Quant aux autres libertés, au sens où les entendaient les libéraux qui traditionnellement luttaient contre l'arbitraire, pour les libertés publiques et privées, elles sont de plus en plus bridées au nom de la sécurité et du moralisme ambiant qui tient lieu de morale.

Les motifs d'incrimination ne cessent d'augmenter, le code pénal d'enfler et les peines de s'alourdir dans un mouvement qui n'est pas prêt de s'arréter.

En France, au nom de la lutte contre le terrorisme, les moyens policiers d'intrusion dans la vie privée rejoignent progressivement ceux des services spéciaux.

Les caméras de surveillance et les effectifs de sécurité privés ne cessent eux-aussi d'augmenter, sous les applaudissements, ce qui est probablement le plus inquiétant.

Quant aux intrusions permanentes dans la vie privée désormais permises par les techniques et les réseaux numériques - là aussi avec le consentement enthousiaste des intéressés le plus souvent - il est tellement massif et évident qu'il n'y a pas lieu d'insister.

On attend l'Étienne de La Boétie qui écrira le « Discours de la servitude volontaire » du XXI e siècle.

La conclusion politique s'impose d'elle-même, la « démocratie libérale » est une démocratie « Potemkine » 258 ( * ) faussement protectrice des libertés dont la façade démocratique (l'élection au suffrage universel des représentants du Souverain) cache une machinerie du pouvoir dont la finalité première est d'interdire toute remise en question de la forme néolibérale du mode dominant de production et de partage de la richesse produite, de ses finalités et de ses bénéficiaires.

Une démocratie dont les usagers sont privés du premier droit des citoyens - pouvoir modifier le régime sous lequel ils veulent vivre -, privés de leur souveraineté donc.

Au cours de ce dernier demi-siècle, l'Empire a donc vu se succéder démocratiquement des majorités parlementaires et des exécutifs (Présidents de la République ou du Conseil, Premiers ministres) se combattant devant les électeurs pour mieux assurer l'essentiel : la pérennité de l'organisation néolibérale de la société.

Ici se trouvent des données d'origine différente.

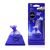 Автомобільний ароматизатор Aroma Car Ceramic Fresh Bag - New Car 20 гр (100759), Аромат: New Car, зображення 2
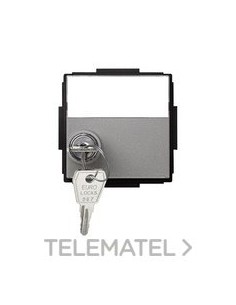 TAPA SIMON 27 SCUDO LLV.GR ESMDO.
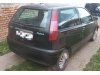 Slika 5 -  Fiat punto 1  delovi - MojAuto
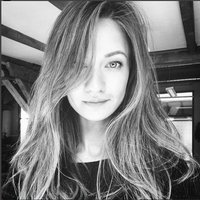 Elza Jarāna's Photo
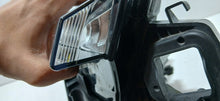 Load image into Gallery viewer, Frontscheinwerfer Skoda Kamiq 655941016B Rechts Scheinwerfer Headlight SCH1771570864tm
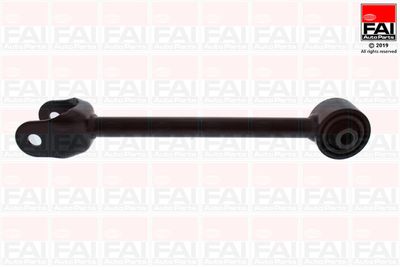 Neatkarīgās balstiekārtas svira, Riteņa piekare FAI AutoParts SS10461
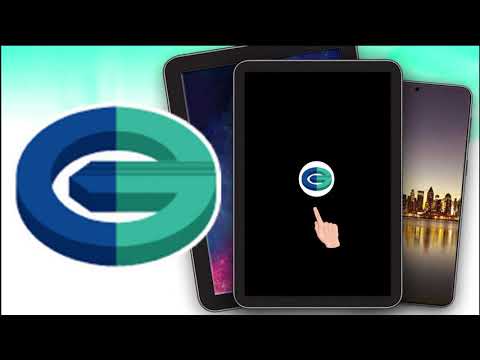 Grafindo Smart Book video thumbnail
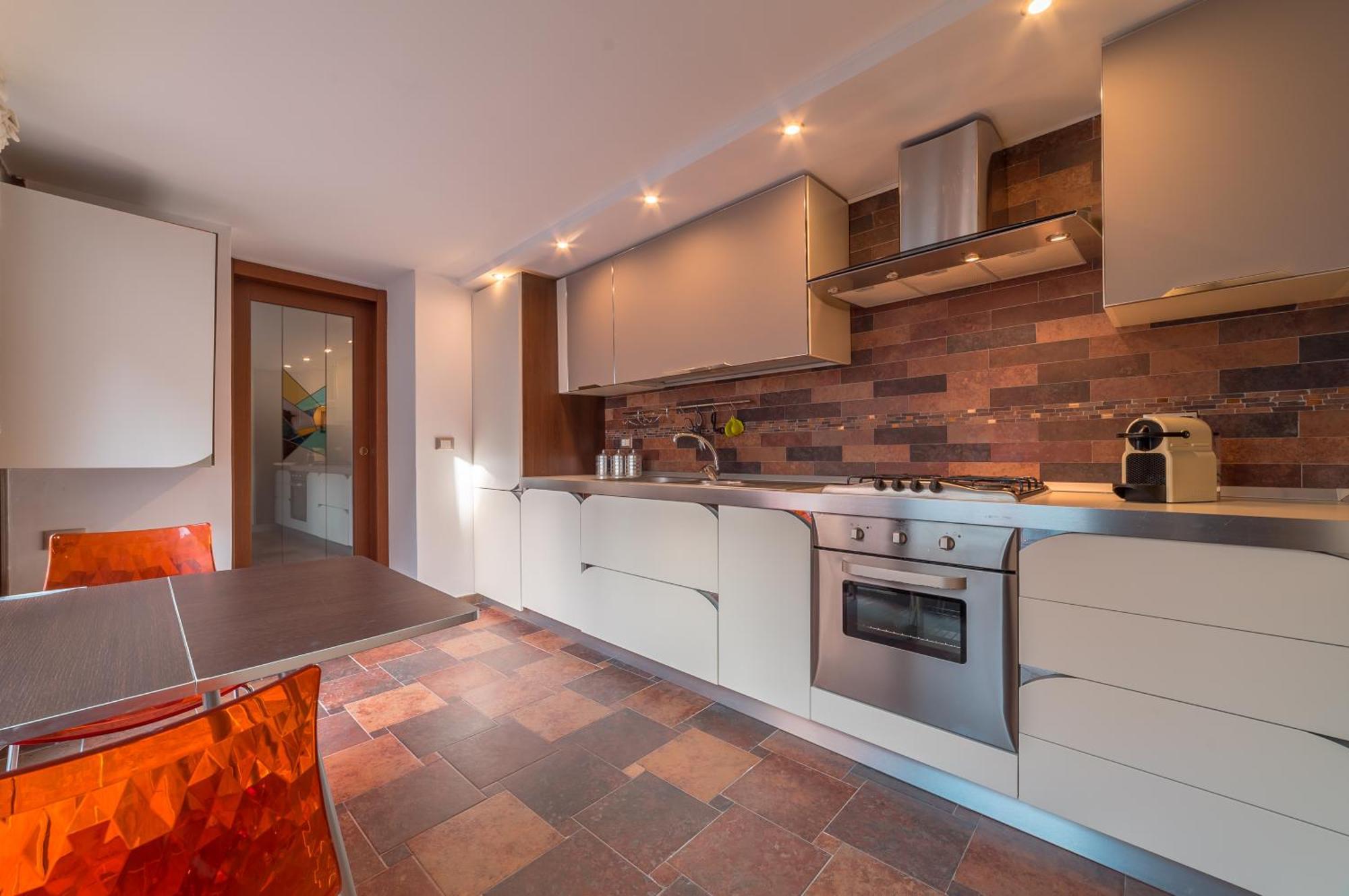 A Casa Del Gioielliere Apartment Палермо Екстериор снимка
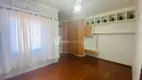 Foto 21 de Casa de Condomínio com 3 Quartos à venda, 324m² em Jardim Okinawa, Paulínia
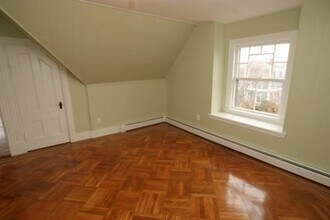 278 Lafayette St, Unit 4 in Salem, MA - Building Photo - Building Photo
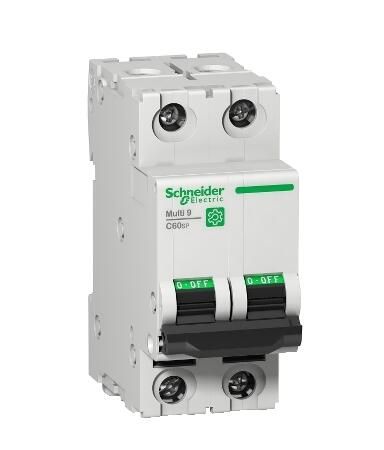 Schneider Electric M9F22232 Breaker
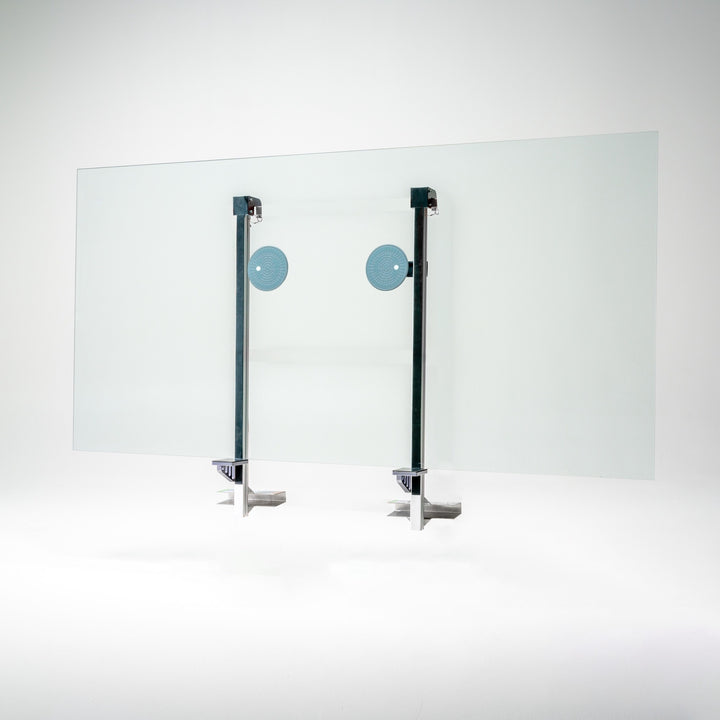 EZ Ledge™ Glass Lifter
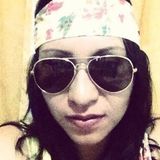 Mar from Villahermosa | Woman | 36 years old | Pisces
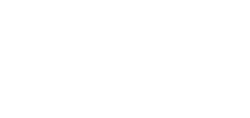 Las Vegas Convention and Visitors Authority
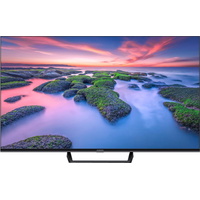 Xiaomi Mi TV A2 43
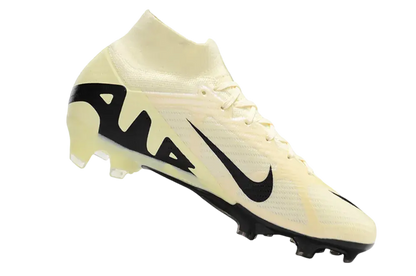 Nike Zoom Superfly 9 Elite MR FG5 - Goatkits Store Retro-footballkits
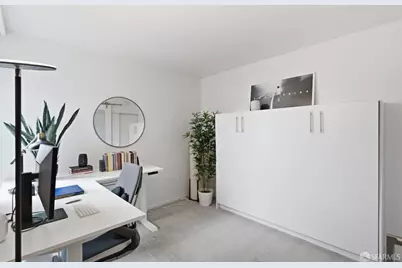 338 Potrero Avenue #204, San Francisco, CA 94103 - Photo 20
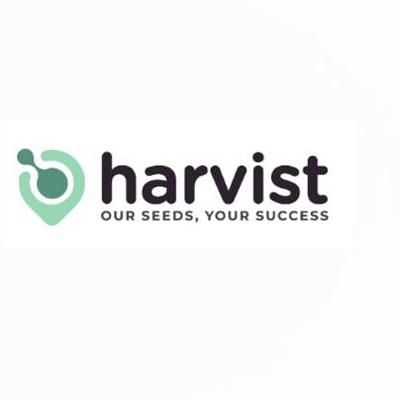 Harvist Real Estate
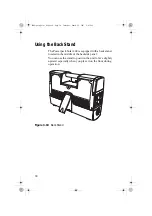 Предварительный просмотр 46 страницы XPower Solar 400 Owner'S Manual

Ainsi, les « libéraux centristes », pour reprendre l'expression d'Adam Tooze 259 ( * ) , se perpétuèrent-ils au pouvoir, contre vents et marées, appliquant leurs projets, même quand les électeurs se sont clairement exprimés contre, comme ce fut le cas en 2005 en France. Le projet de traité constitutionnel européen rejeté par référendum sera adopté sous une forme à peine modifiée par la voie parlementaire.


* 257 La phrase exacte de Bernard Arnault prononcée lors de l'annonce à l'Obs (25 avril 2017) de son soutien à la candidature à la présidence de la République d'Emmanuel Macron est celle-ci : « On subit une crise tous les dix ans, et j'attends la suivante avec sérénité. On fait souvent de bonnes affaires pendant les crises... ».

* 258 Démocratie Potemkine (voir Prolégomènes)

* 259 Adam Tooze : Crashed, Éditions Les belles lettres.